“In the morning, LORD, You hear my voice; in the morning I lay my requests before You and wait expectantly.” (verse 3)
For David, prayer was a priority – one of the first things that he did every morning. And he expected God to answer his prayers.
Does this seem at all strange to us? Prayer is something that we take for granted, something that many of us feel that we ‘ought’ to do, whether we really want to or not. Do we ever stop to wonder how amazing it is that a mere human being should be able to communicate with his or her Creator? It is one thing for us to speak to God – but why should He listen to us, let alone respond? There is such an enormous gulf between us. It is not just a matter of God being infinitely greater than we are; it is because He is a holy and righteous God (verse 4), and we are sinners. Pride, deceit and treachery rule out any kind of relationship with Him – which excludes 100 per cent of the human race.
“But I, by Your great love, can come into Your house…” (verse 7)
David knew that he was unworthy of such a privilege. Nobody can enter God’s presence on their own merits; we are totally reliant on His grace, and on what Jesus has done for us. “For Christ suffered once for sins, the righteous for the unrighteous, to bring you to God.” (I Peter 3:18)

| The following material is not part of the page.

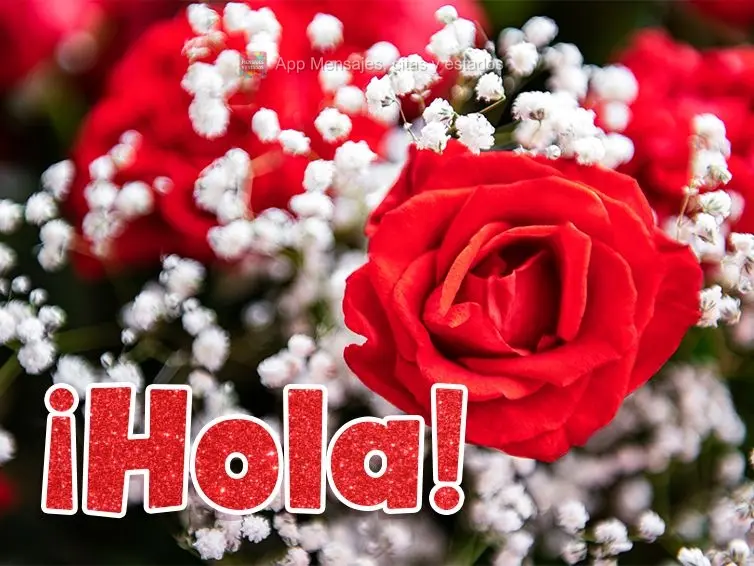 ¡Hola!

The right to approach God in prayer is a precious privilege, and one that we should not abuse. So one of David’s daily prayers is for guidance and assistance – assistance to live a holy life, following God’s way (verse 8). For we live in a world that has rebelled against its Maker, and is continually trying to draw us away from Him. Like David, we need God’s favour and protection (verses 11,12). We depend on Him, all the time – and so for us prayer is not just a privilege but a necessity.